第3話 二人の初恋
いままで秘めてきた片思いを、今そっとつぶやいた。
「先輩、ずっとずっと好きでした」
―――◇◆◇―――
よし。
校正は終わり……かな……。
右上にある『保存』をクリックする。
そのあと、少し迷ってから作品を公開した。
締め切りの1週間も前に提出でき、かなり気は楽だ。
……と言っても、実は少し前に書き終わっていたけれど。
「お、公開した? お疲れ様~」
「ありがとうございます、今回はいろいろお世話になったというか……」
「いえいえー。まぁ俺も先輩だしね」
「これくらいのことは当然」と言ってニコニコ笑う藍野先輩に、なぜか悔しさがこみ上げる。

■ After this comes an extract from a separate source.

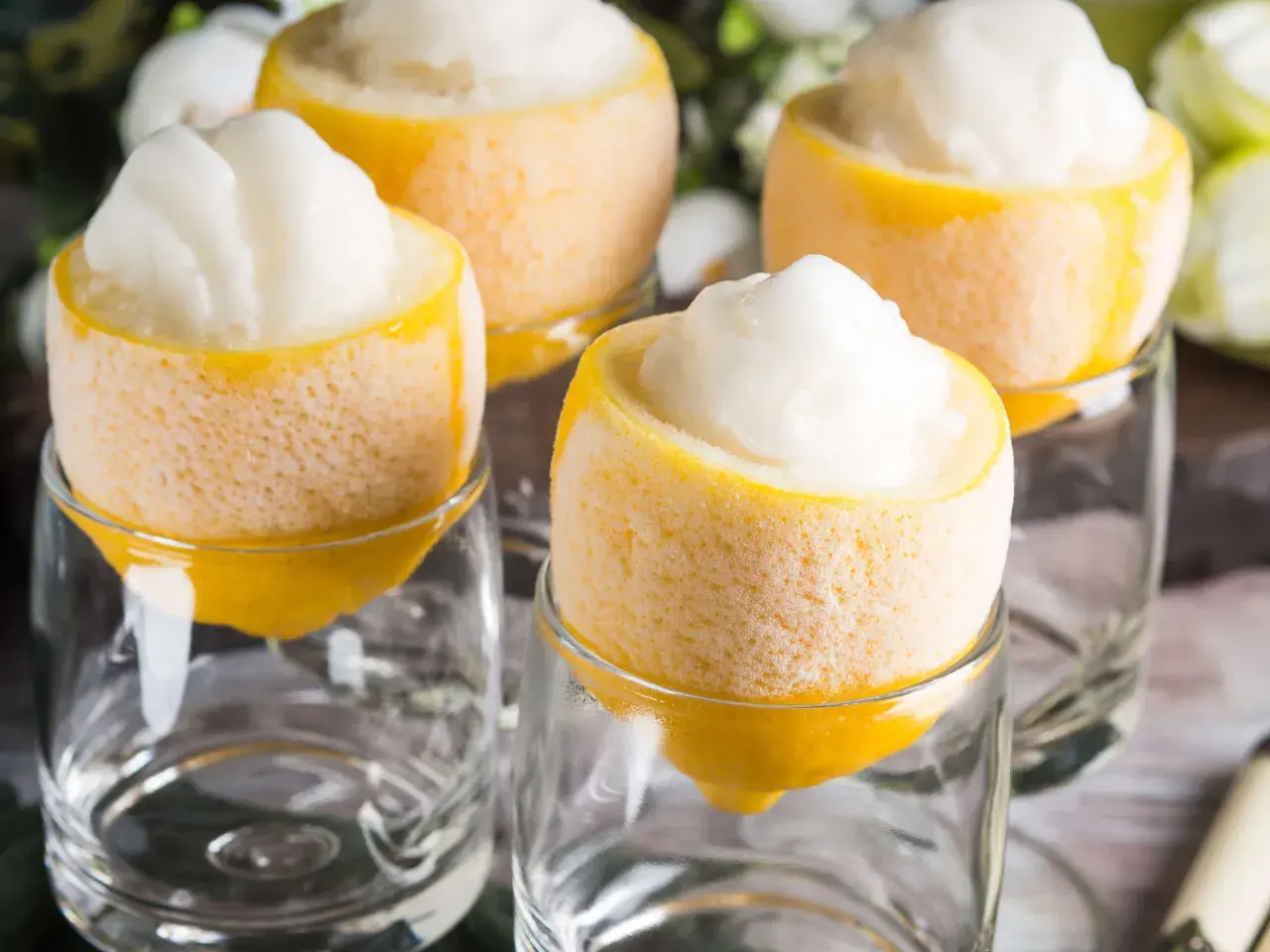 Erfrischendes Sorbetto al limone, serviert in ausgehöhlten Zitronen, die in Gläsern stehen.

私に優しく教えてくれたのは、仮の恋人になろうとか提案したのは、全部先輩として?
「誰に対しても、私にしてくれたのと同じようにしますか……?」
私がそう言ったのと同時に、藍野先輩の目が大きく見開かれて瞳孔が小さくなった。
やっちゃった……。
「い、今のはっ……」
どうしよう、笑てごまかそうか、冗談だと言ってごまかすか。
いや、もう無理だ。そんなことで騙せる先輩じゃない。
ぎゅっとこぶしを握って、下を向いていたら、数秒後、シーンとした部室に声が響いた。
「胡桃ちゃんだけだよ」
「っえ」
先輩の言葉に、驚いてふりかえる。
すると口元を覆って、ほんのりと頬が染まった藍野先輩がそこにいた。
「これ、言うつもりなかったんだけど」と前置きしてから、先輩がちらりと私の方を見ていった。
「おれが書いた小説、胡桃ちゃんに向けて書いたんだよね」
「!?!?」
藍野先輩、と言おうとして声がかすれた。
いつもの冗談だと疑おうとして、先輩の目が本気だったから何も言えなかった。
先輩が書いたあの小説。
先輩はずっと後輩のことが好きだったけど、先輩と後輩の壁があってなかなか告白できずにいた。
1年後は自分は卒業して、君は3年生になる。
そうしたら君は僕のことを忘れちゃうのかなって――そういう切ない話だった。
あの小説は、先輩の本音?
う、そ……。
「だって、それって……先輩が……?」
「え、ちょ、待って、もしかして胡桃ちゃん、おれの小説もう読んでる?」
急に慌てたように頭を抱えた藍野先輩に、「もちろんです」と胸を張って答える。
読んじゃいけないとは言われてない。先輩は「おれの前では読まないで」といったんだから。
「じゃあ、もう取り繕ってもしょうがないか」とふっと息を吐いた先輩に、私も自然と先輩の目を見た。
「胡桃ちゃん、ずっと好きだったよ」
先輩がそう言うと同時に、ここまでの1週間が思い返される。
私も先輩と同じだ。ずっとずっと好きだった。
この1週間よりもずっと前から好きだった。
「えーと、返事は……」
眉の端を下げてこっちを見た先輩に、私はさらに真っ赤になりながらうろたえる。
ここで素直に好きだというのには、なんかこっちが負けたみたいで悔しい。
まぁきっと、素直に言うとしたところで、きっと私は言うことができないと思うけど。
「……私の先輩への想いは、最後の1文に込めたので」
まだ若干顔が赤い藍野先輩に、私も真っ赤な顔を隠しながら、『公開済み』と大きく映った画面を指差す。
こんなこと言えば、もう100%で両想い確定だ。
「それって……胡桃ちゃんが書いた小説の最後の1文ってこと?」
小さくうなずく。
そしてしっかりと付け足した。
「私の目の前では読まないでくださいねっ」
「はいはい、じゃあまた読んでおくね~」
先輩は、私の小説を見て、最後の一文を目にして、どんな顔をするのだろう。
私が先輩に応えた『返事』はほぼ両想い確定のセリフだ。
そのせいか、心なしか先輩のテンションがいつもより高い気がする。
ニコニコの笑顔を向けられて、もう我慢できなかった。
「1ついいですか」
「うん?」
——先輩、この前のネタバレのお返しです。
「『先輩、ずっとずっと好きでした』」
ちらりと先輩を見ると、めったに見られない、本気で驚いてる
やがてその目が私に向いて、そしてすべてを理解したらしい。
「ネタバレ禁止~っ!」というやけにうれしそうな先輩の声が響いたのだった。